Der (schiefe) Kirchturm von Bodman.

Mit freundlicher Unterstützung von Wilderich Graf Bodman.

Ein bisschen Flair von Pisa gibt es auch bei uns am SeeEnde, denn wir haben in der Doppelgemeinde einen Turm mit ordentlicher Schieflage. Abhängig vom Standort des Betrachters vielleicht nicht sofort auffällig, aber an der richtigen Stelle und mit dem Wissen der Schräglage, nicht zu übersehen.

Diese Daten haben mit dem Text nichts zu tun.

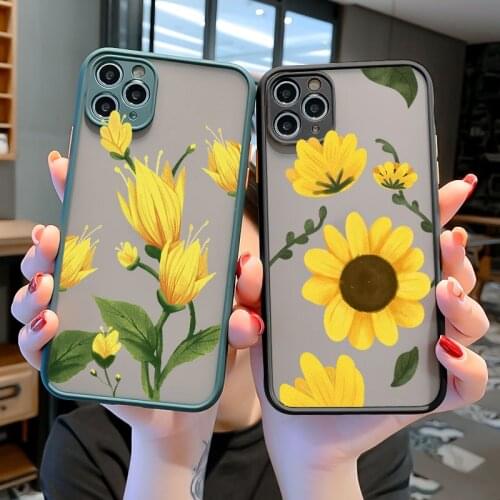 Flower Sunflower Chrysanthemum Phone Case For iPhone XS Max XR X 11 12 Pro Max 7 8 6S Plus SE 2020 Shockproof Back Cover Fundas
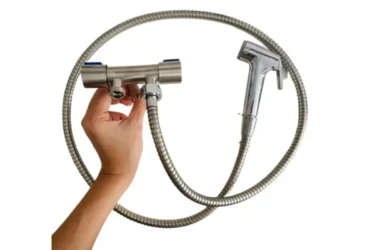 kit ducha higiênica com registro e torneira dupla para banheiro e lavabo em aço inox 304 escovado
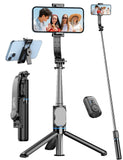 Selfie Stick, 41'' Extendable Phone Tripod Stand with Phone Holder & Detachable Remote, 360 Rotation Selfie Stick Tripod for Cel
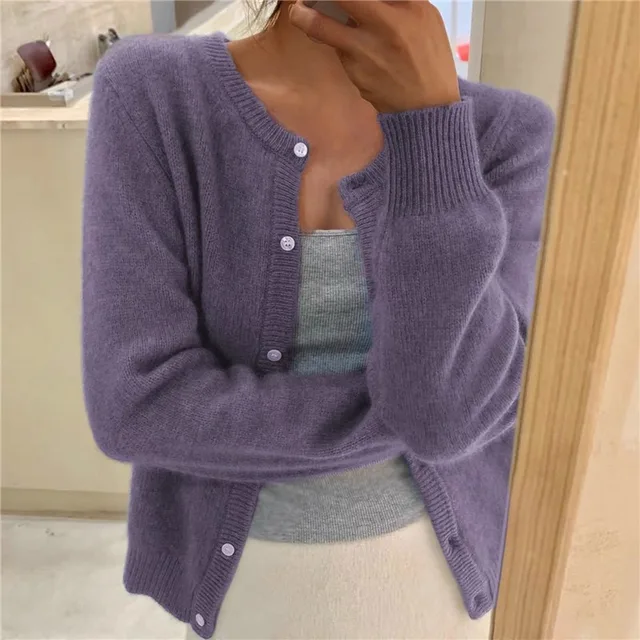 Marguerite | Cropped Button-Front Cardigan with Round Neckline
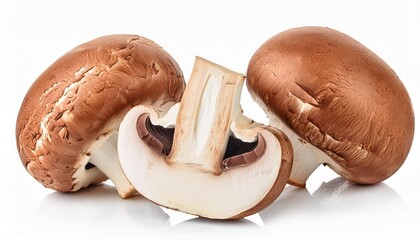 brown cap champignons with slice of champignon mushroom isolated on white background close up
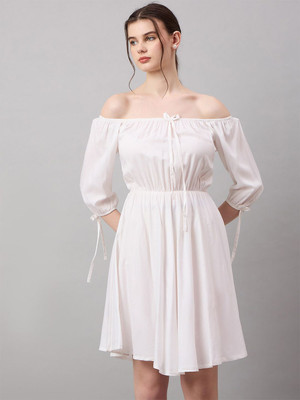 Roadster Women Fit and Flare White Mini/Short Dress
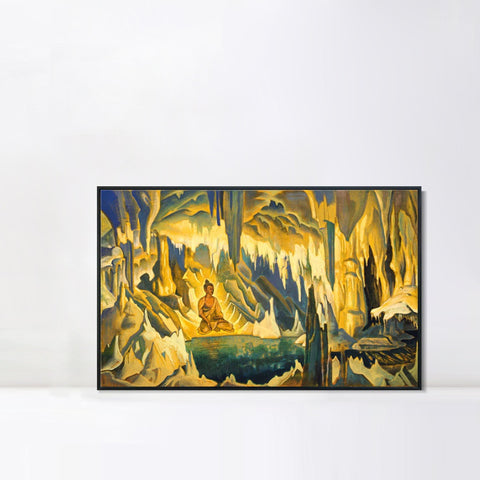 INVIN ART Framed Canvas Giclee Print Buddha the Winner-1925 by Nicholas Roerich Wall Art Living Room Home Office Decorations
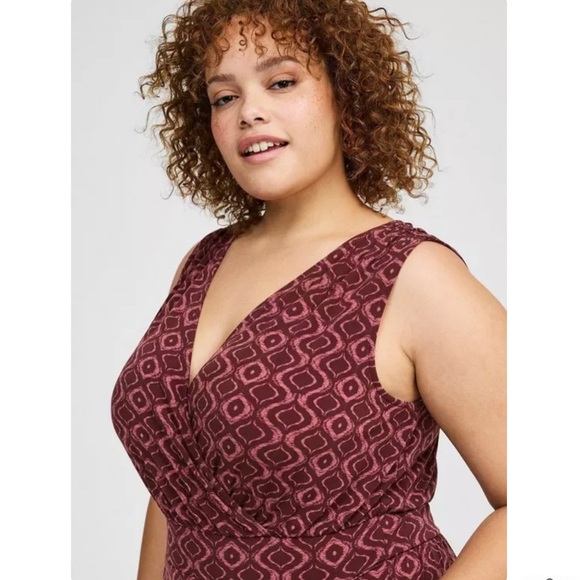 Torrid Women's size 0 Studio Knit Surplice Tie Back Jumpsuit Abstract Purple - Picture 3 of 5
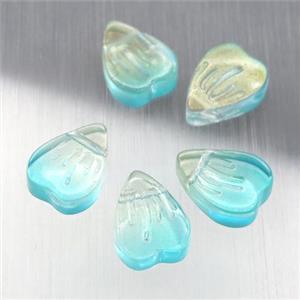 teal crystal glass heart beads, approx 9-12mm [GS1671]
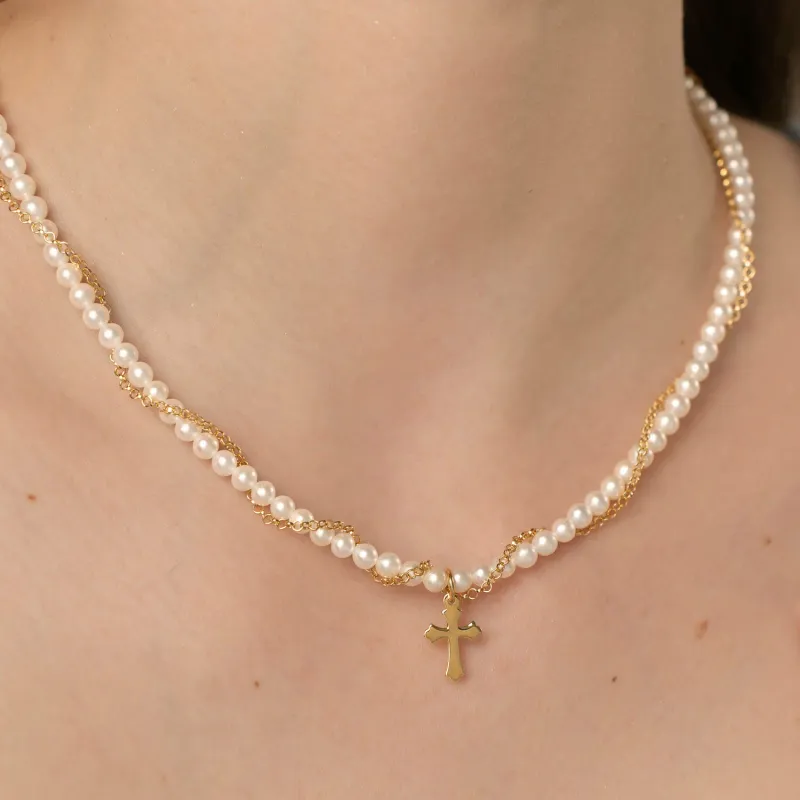 Lantisor cu Perle - Firul credintei - Model sirag perle mici impletit cu lantisor si pandantiv cruce - Argint 925 placat cu Aur Galben 18K picture - 7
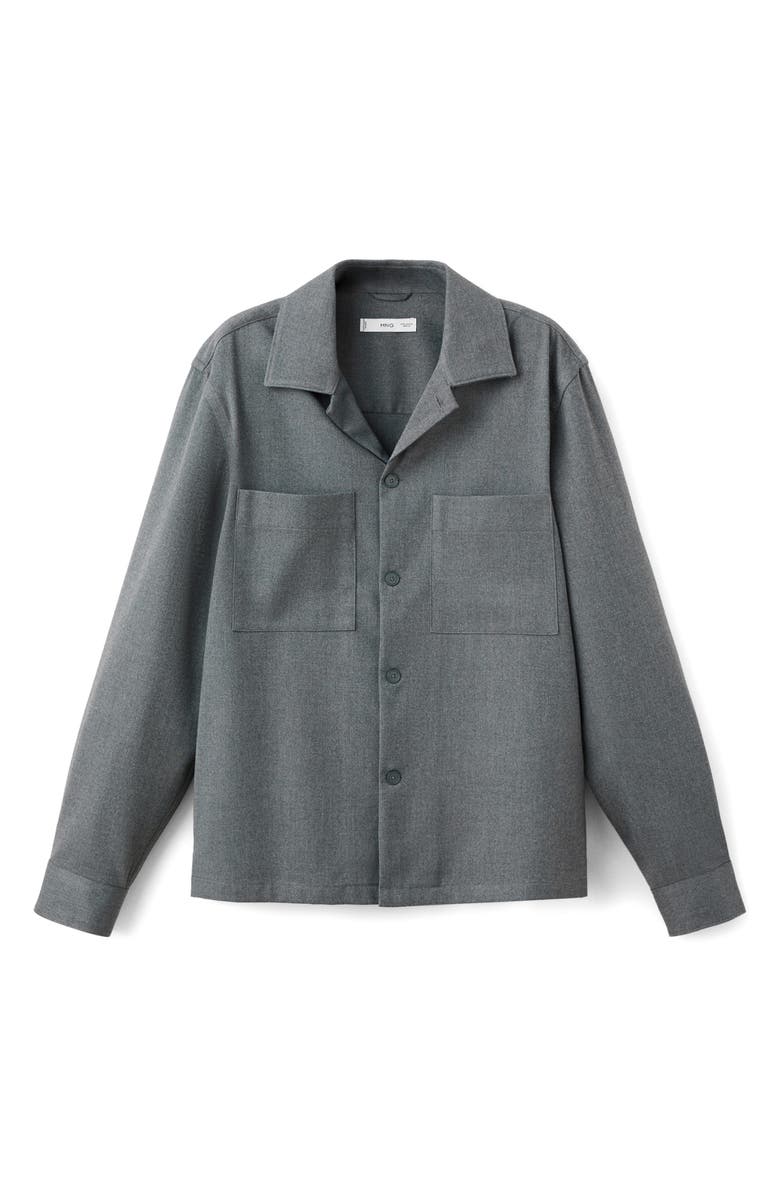 MANGO Fluid Pocket Overshirt, Alternate, color, Grey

Wahrzeichen des Pfalzortes Bodman ist der mächtige Turm der Pfarrkirche St. Peter und Paul.
Der Turm wurde im 15. Jh. in zwei Bauabschnitten errichtet. Für den Aufbau haben die Bauleute Holzgerüste verwendet und nach Fertigstellung der Baumaßnahmen die in die Mauern eingeputzten Balken abgesägt. Aufgrund dieser Holzreste im Mauerwerk, ließen sich 2002 „dendrochronologisch“ die Fälldaten der Eichenhölzer und dadurch die Bauzeiten des Turmes auf die Zeit zwischen 1426 und 1440 bestimmen. Die Aufstockung mit dem Dachgeschoss und dem für die Bodenseegegend  charakteristischen Krüppelwalmdach, sowie den typischen Schallöffnungen, erfolgte, nach den Fälldaten der Bäume für die verwendeten Balken, im Jahre 1487.

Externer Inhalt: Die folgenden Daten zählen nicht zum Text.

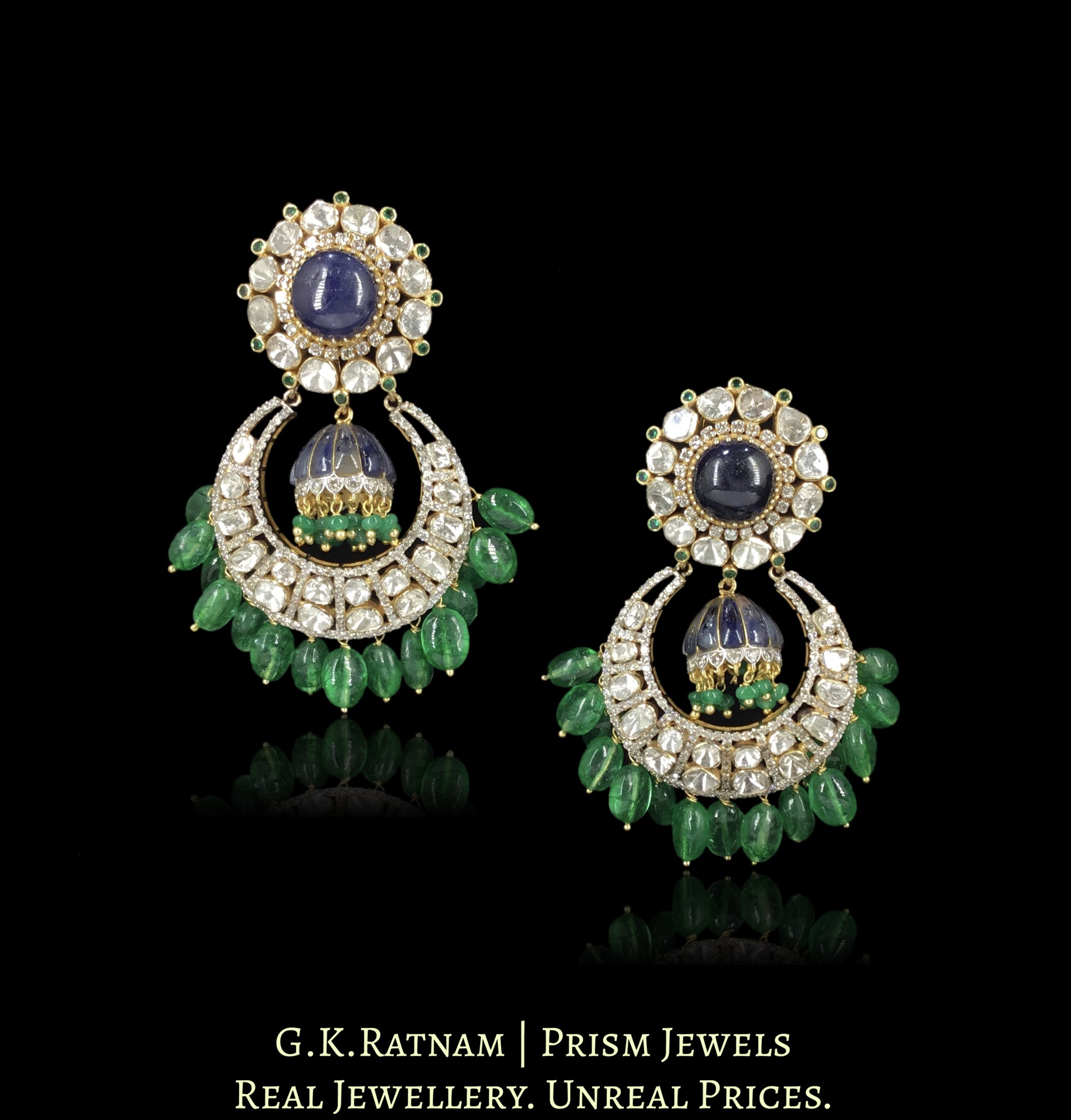14k Gold And Diamond Polki Open Setting Chand Bali Earring Pair With detachable Blue Sapphire Jhumkis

Weit älter sind die Befunde über die Vorgängerkirchen aus dem Untergeschoss des Turmes. Pfarrer Dieter Göpfert ließ 1975 den Boden der Sakristei im Erdgeschoss erneuern. Das Landesdenkmalamt nutzte die Gelegenheit für Grabungen und konnte im Ergebnis feststellen: zeittypische Mörtelbrocken und Gräber ohne Beigaben, lassen auf eine Kirche aus dem 7. Jh. schließen, auf die diese Funde zugeordnet werden konnten. Ein mit Holz ausgekleidetes Grab, eines über 1,75 m großen Mannes, dem – wohl aus kultischen Gepflogenheiten – vier Lesesteine an die Seite gelegt waren, fand besondere Aufmerksamkeit. Es wird eine alemannische Siedlung oder ein Gutshof im Kirchenbereich vermutet. Weiterhin wurde eine aufstehende Mauer aus dem Ende des 7. Jh./ Anfang des 8. Jh. ausgegraben, die eine frühkarolingische Kirche annehmen lässt. Der Friedhof wurde aus dieser Zeit weiterhin genutzt und die Kirche mag auch als Pfalzkapelle, für die unterhalb am Seeufer gelegene Kaiserpfalz gedient haben.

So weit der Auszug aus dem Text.